TEMPORADA DE INFIERNO

¿A qué tanta mitificación con el verano? ¿Es que nadie se da cuenta de que es una productiva fuente de tortura psicológica? En cierto modo, el verano es ese niño cabroncete con cara de angelito de tu etapa escolar que se dedicaba a ir repartiendo putaditas entre tus compañeros y tú, y que, a pesar de vuestras perseverantes denuncias, jamás recibió su castigo.

¿Qué decir de sus ofensivos comienzos con esos juegos del hambre del vitalismo? Fiestas con agua de por medio, fuegos artificiales, ferias y atracciones, festivales de música en la playa.  Tanta exuberancia, tanto desenfreno me recuerdan a esas competiciones de tartas de las películas americanas donde el único límite es la resistencia de las paredes gástricas de cada uno de los concursantes. Lo peor es que si uno no participa, parece o un carca o un muerto en vida. Por mi parte, no me afecta en absoluto. A fin de cuentas, cada uno lidia con su momento vital de acuerdo con sus intereses y con su temperamento.

Algo que sí complica la cosa: el atracón de películas, libros y sobre todo de series, una indiscreta obligación derivada del temor de muchos a quedarse descolgados de una conversación. Cuánto trabajo. Llega un punto en que, precisamente por ese festín de videoclub y de esa necesidad de seguir la ola de las novedades, el ocio indiscriminado acaba igualándose a cualquier molesta tarea laboral. Entonces, la pila de cintas y libros del salón cobra tintes de burocrática pesadilla, irguiéndose alrededor de uno como los torreones de papeles que lo han ido esclavizando durante el año.

     ¿Y qué me dicen de la insultante exhibición en playas y piscinas? Exuberantes cuerpos, tonificados, bronceados, fibrosos, recubiertos de pieles limpias de cualquier impureza que hacen a más de uno sentirse adefesio. Un despliegue frente al cual uno baja la vista al ombligo para encontrarlo repulsivo y, en el peor de los casos, inmerecidamente anudado. Doloroso.
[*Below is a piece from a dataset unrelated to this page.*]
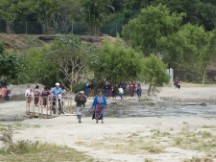 People crossing bridge to Panajachel, Guatemala.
     No obstante, lo más revelador del asunto es la carga del ocio indiscriminado y del ajetreo social, a los que sigue el vaciamiento. El final del verano es un niño que acaba de hinchar su globo y todo lo que puede hacer es jugar un rato hasta que, aburrido, termina por pincharlo. En cierto modo, recuerda también al trasnochador que, después del desenfreno, se retira cabizbajo a su madriguera. El pobre se ha pasado la noche posponiendo la dolorosa resaca, precisamente porque conoce la sensación de vacío de después. «¿Y ahora qué?», se pregunta. Llegará, digo yo, un punto de rebasamiento, en que, tras haber chapoteado en todas las aguas, tras haber agotado las reservas de todas las barras, tras haber regado todas las alcantarillas de los pueblos en fiestas, las fuerzas no den para más. En estos tiempos, la analogía habla por sí sola: hace demasiado calor. Uno se despoja de casi todo —algo queda, simplemente por cuestión de pudor y decencia— y, sin embargo, sigue sufriéndolo, una capa de brea enrollada en torno a todo el cuerpo. La desesperación sugiere arrancarse la piel y dejarla colgada por ahí, pero no la cordura. Está claro, la plenitud agobia.

Pero más pronto que tarde nos encontraremos empantanados en otro fregado, del que enseguida querremos salir. Así somos, ambiguos: deseando matar las largas temporadas de imposiciones para terminar abandonando el almendro, cansados de tanta dormidera. Disfrutemos, pues, del viaje —estamos a mediados de junio y ni siquiera ha llegado el primer meneo—; para cuando nos bajemos del vagón, tan mareados como siempre, ya estaremos pagando sin saberlo un billete para la casa del terror.